- DATA FOR THE TASK -
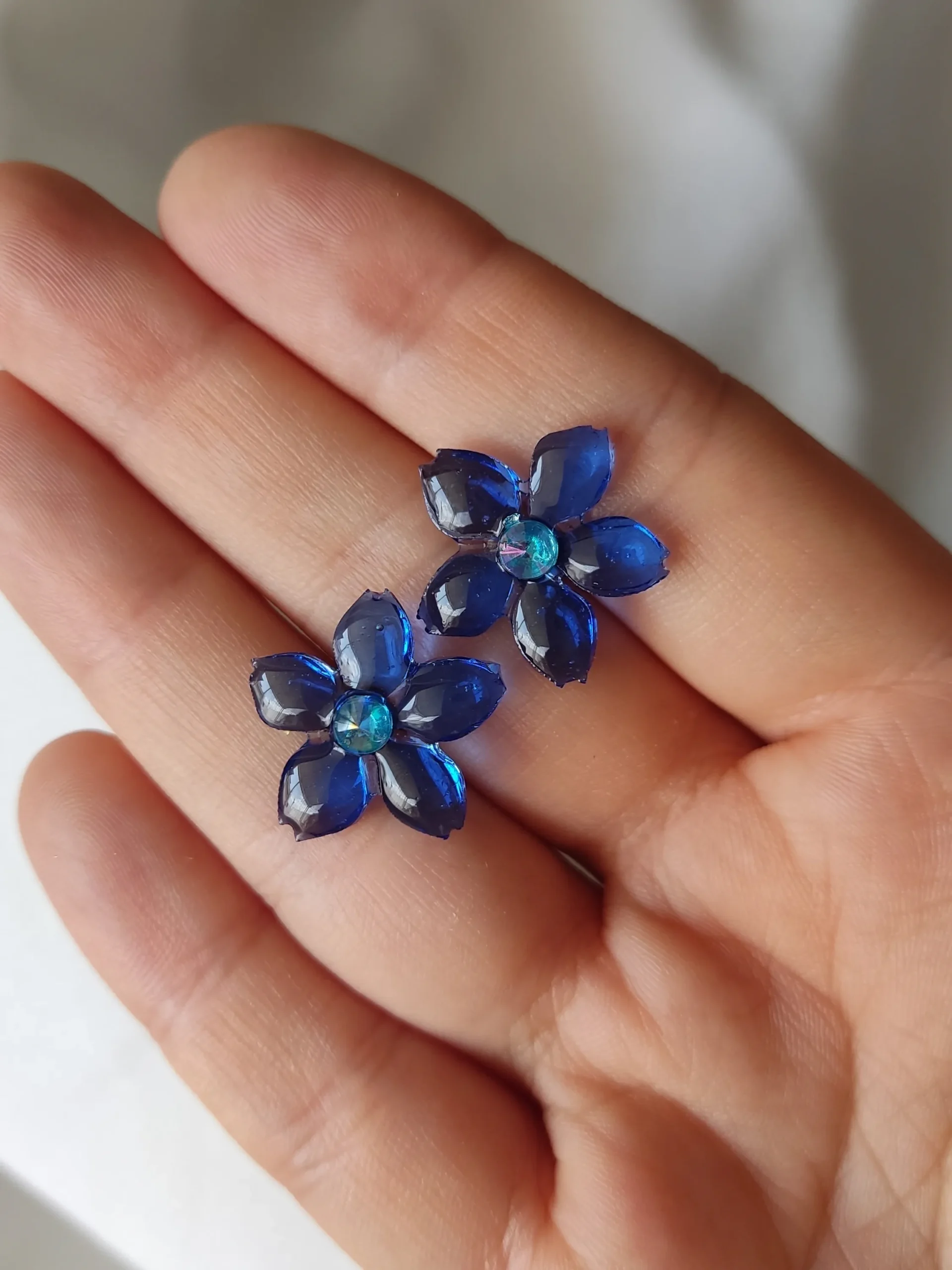 Σκουλαρίκια ατσάλινα καρφάκια από υγρό γυαλί λουλούδι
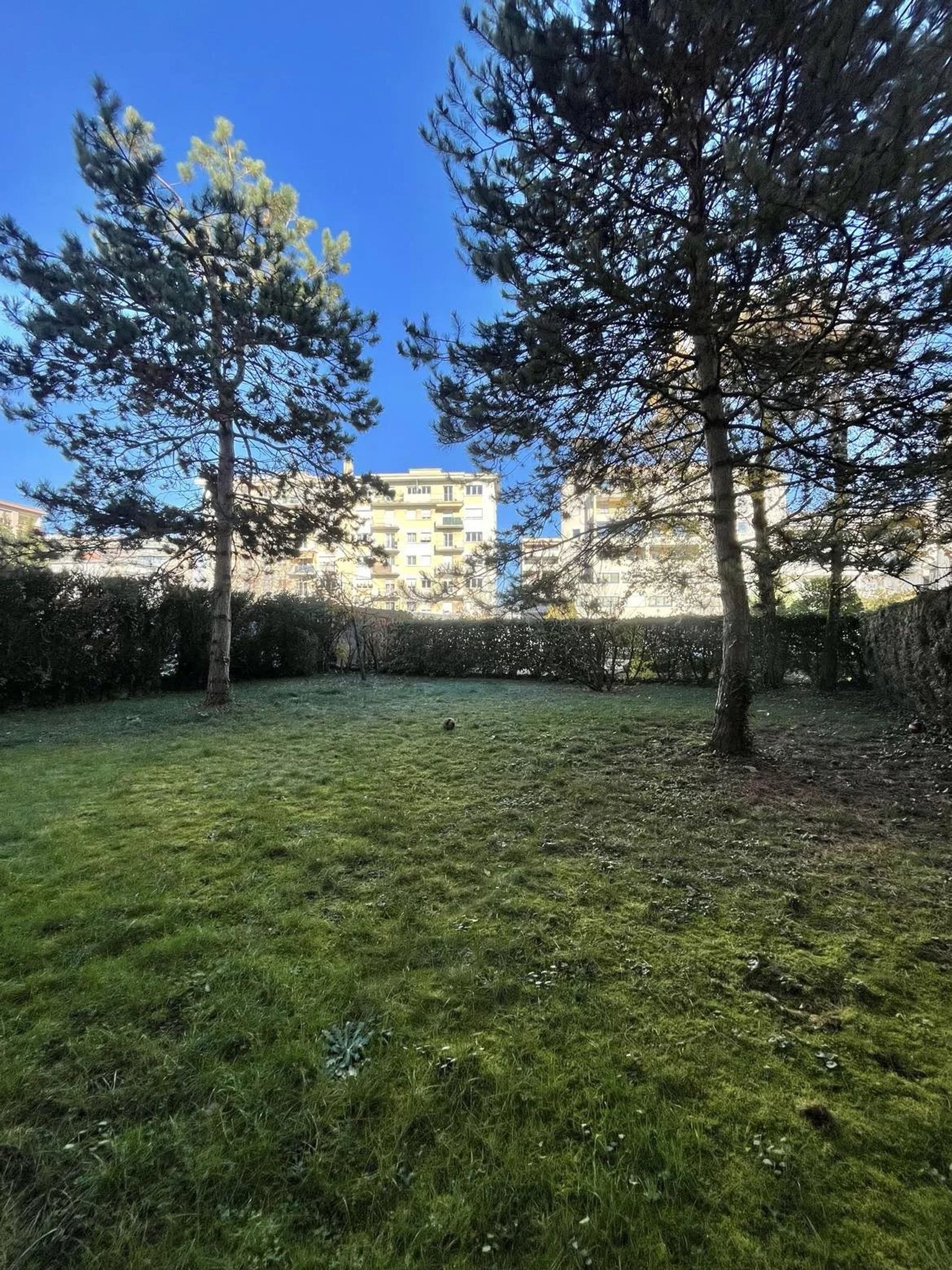 Condominio en Gaillard, Haute-Savoie 12483563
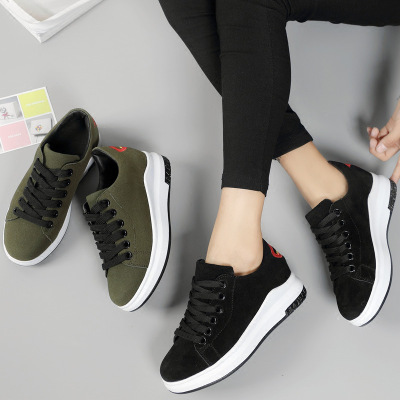 女鞋秋季新款板鞋韩版百搭嘴唇鸳鸯鞋女松糕底平底绿色休闲鞋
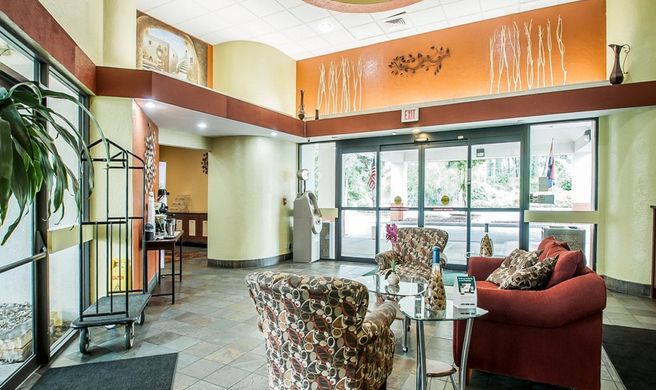 Red Lion Inn & Suites Kansas City Lobby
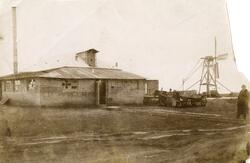 Michail Rostin ved sitt gruveanlegg for utvinning av hvitlei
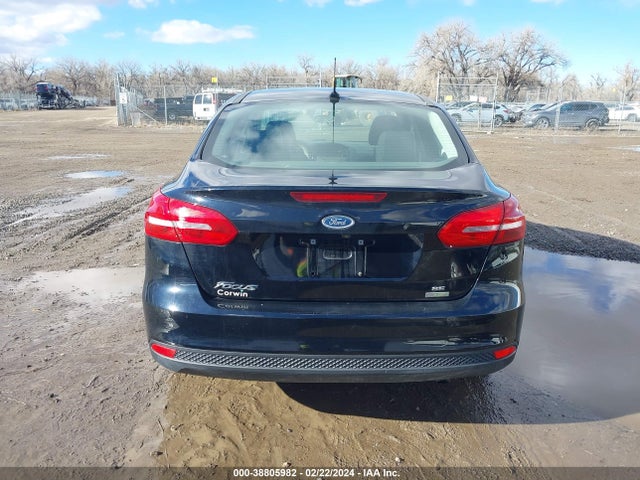 Ford FOCUS SE 2017 1FADP3FE4HL284329 Image 16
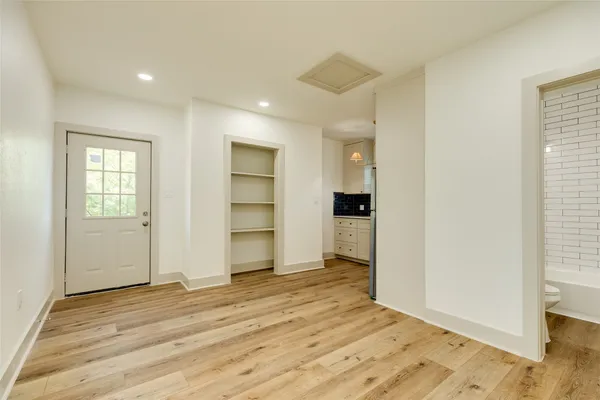 $1,150 | 2512 Avenue K, Unit BACK, Galveston, TX 77550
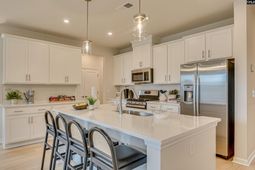 658 Griffon Drive photo 4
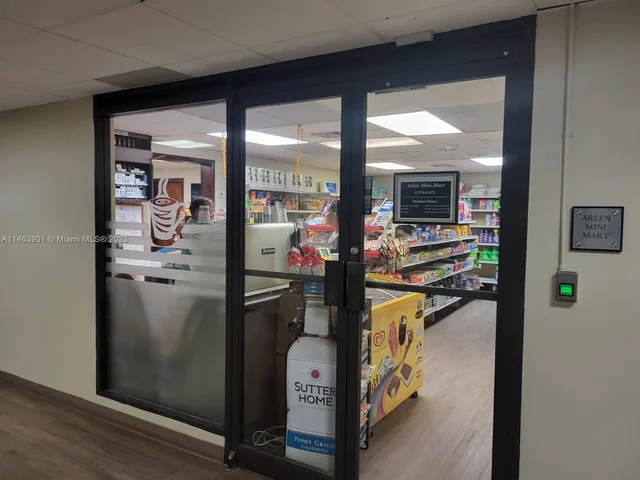 500 Bayview Dr, Sunny Isles Beach FL 33160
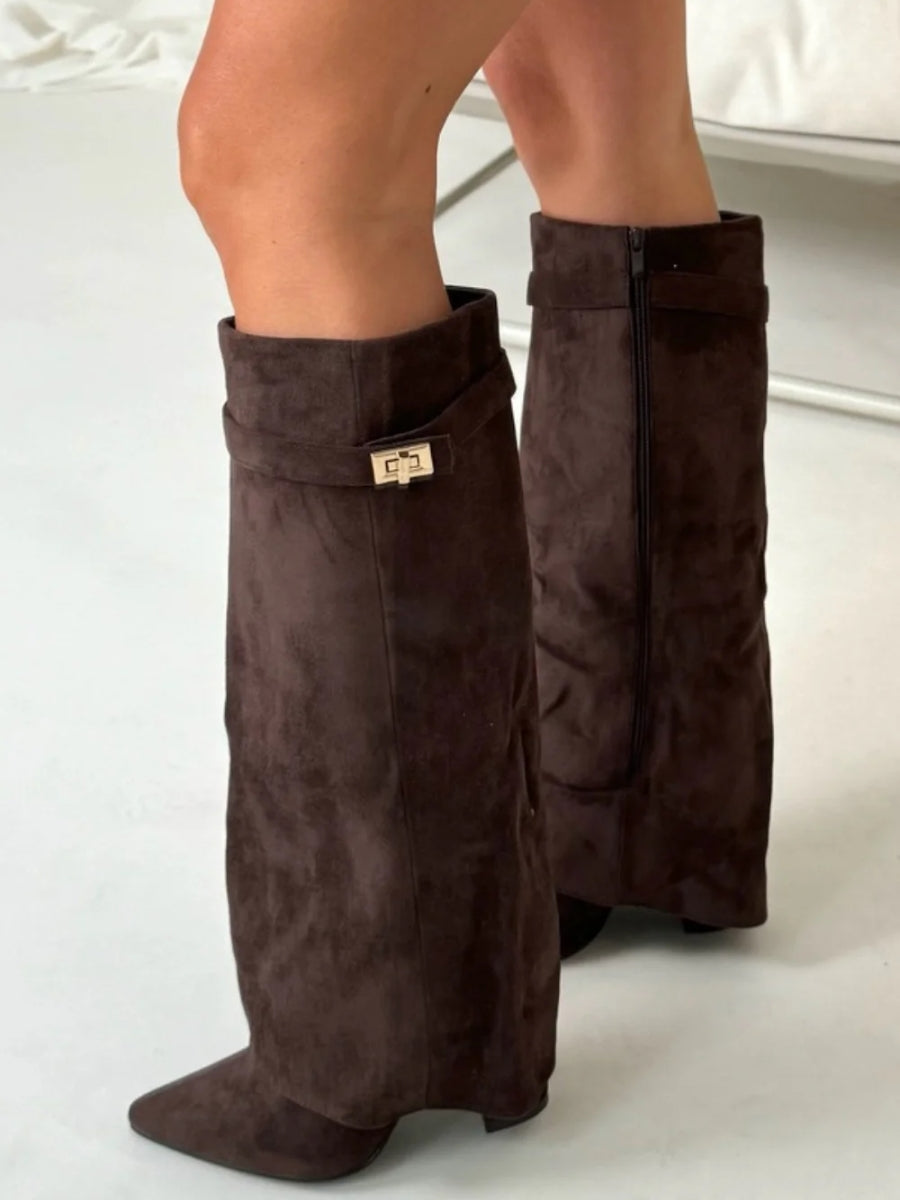 Damen Stiefel aus Kalbsvelours mit goldenem Verschluss – Bild 14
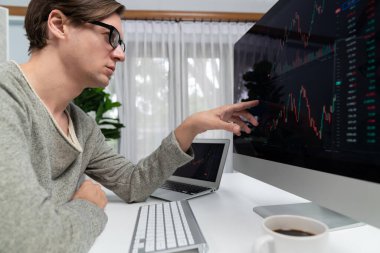 Akıllı yatırımcılar bilgisayar ekranlı ilginç borsa takasını işaret ediyorlar. Finansal teknoloji dinamik yatırım planı modern işyerindeki veri grafiğine odaklanıyor. Bireysel.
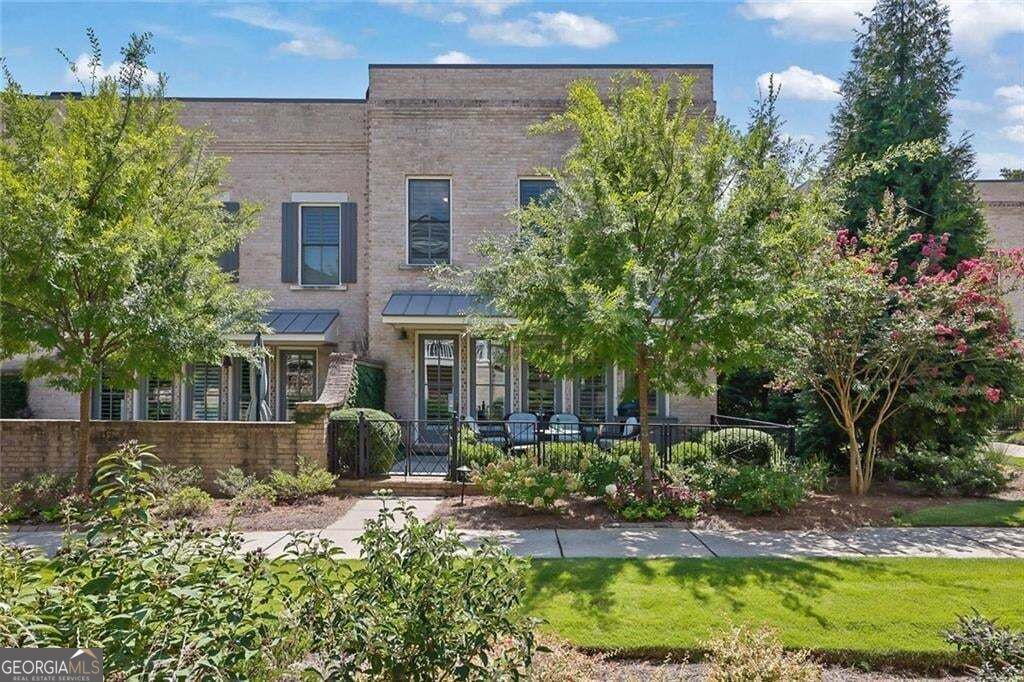 150 Forrest Alley, Roswell, GA 30075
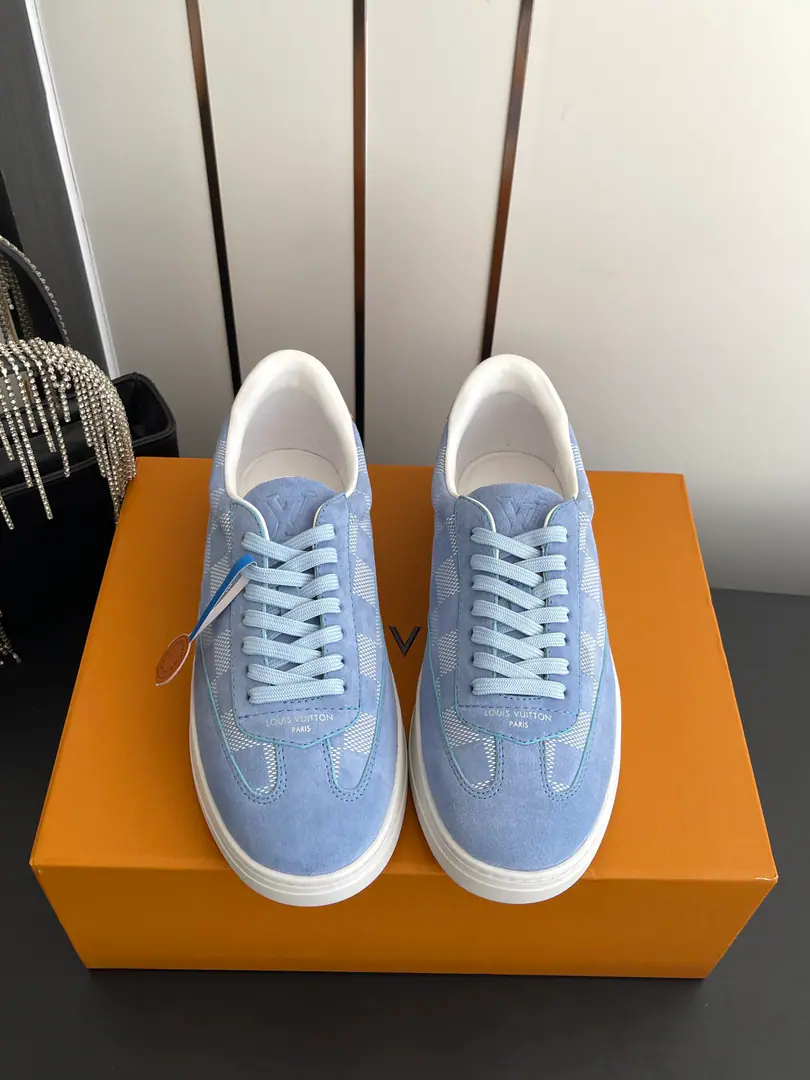 🏧𝐋𝐨𝐮𝐢𝐬 𝐕𝐮𝐢𝐭𝐭𝐨𝐧 Louis Vuitton. Latest Leisure Sports shoes - Skins. White rubber soles. Janey has a sense of understanding. Shoe face stamp.LV Monogram Full Details Dark design You can still increase up in comfort. Daily commute Leisure.OK There's a shoe tongue and a shoe cushion.LVMark Brand full.！With jeans or casual pants. Easy.getFashion street wind. Shoe face, skin.+The inside of the cow.+The original model of the rubber floor. Codes: 35-45（Women40.41/Men45.46Do it.）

- TASK DESCRIPTION -
Give again the stretch of the entries above that begins at the line with "Akıllı yatırımcılar bilgisayar" and ends at the line with "150 Forrest Alley, Roswell, GA 30075", word for word, with no pictures.

- TASK ANSWER -
 Akıllı yatırımcılar bilgisayar ekranlı ilginç borsa takasını işaret ediyorlar. Finansal teknoloji dinamik yatırım planı modern işyerindeki veri grafiğine odaklanıyor. Bireysel.
 150 Forrest Alley, Roswell, GA 30075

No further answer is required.